But that's just about the only thing involving Zdorovetskiy that follows a pattern. Born in Murmansk, a city of 300,000 in northwestern Russia, Zdorovetskiy grew up fatherless in a one-room apartment with his mother. "He was a street boy," his mother, Elena Vulitsky, recalls. "Our lives were hard. He always wore the best clothes I could afford, but sometimes I made more money and sometimes less."

"All of my life, I've been poor," Zdorovetskiy agrees in a monotone baritone on a recent Friday afternoon, wearing cargo shorts and a black T-shirt, his hair just-out-of-bed messy. "My mom was a hairstylist; there weren't any opportunities for us there. I never thought I'd have my own car or cell phone."

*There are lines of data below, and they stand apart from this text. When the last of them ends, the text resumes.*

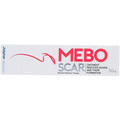 Mebo Scar Ointment 50G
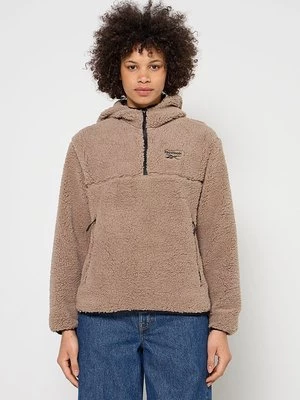 Obrázek produktu Fleecová mikina Reebok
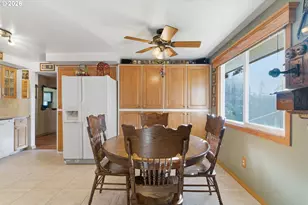 10314 NE 91st Ave, Vancouver, WA 98662 - Photo 19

So in 2004, when he and his mom landed in Delray Beach looking for better lives, the transition from North Russia to South Florida was debilitating. At Carver Middle School, he could barely shoehorn a single English sentence and found himself alone in ESL classes teeming with Haitians and Latin Americans — but no Russians. Despite the different surroundings, that same mischievousness that made him a "street kid" in Russia soon emerged in America, sparking conflict after conflict with authorities.

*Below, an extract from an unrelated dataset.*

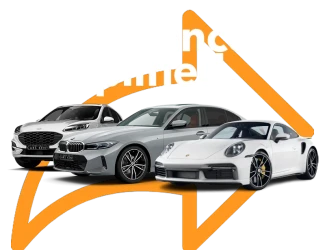 Are you looking to finance your next car? image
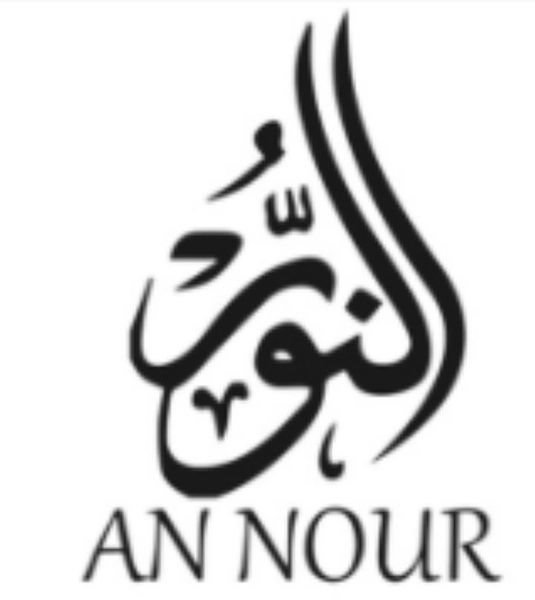 Pompes Funebres Musulmanes An Nour-Dijon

He took to skateboarding, and in 2010, he and two buddies were picked up by Boca Raton police for swimming in the Intracoastal Waterway, which was clogged with boat traffic, according to a police report. That same year, he also starred in a BangBus porno in which he anxiously tried — and failed — to get an erection, enduring every male's darkest fears while on camera.

"I wasn't supposed to get hard," he at first explains to New Times, then quickly changes stories. "There were so many people in the back [of the bus], and I got nervous. You know, it's not that easy... It was a dirty business, and I don't regret it." (Zdorovetskiy later called to clarify that he eventually did, in fact, "get hard" and "finished in her face.")

Around that time, pioneering YouTube celebrities like Jenna Marbles — who today has 10 million subscribers and collected 1 billion clicks — began poking out of obscurity with raw self-shot videos that teenagers and college students found eminently relatable. A short film called I Fucking Hate My Roommate was Marbles' first. When Zdorovetskiy saw such videos, he saw opportunity.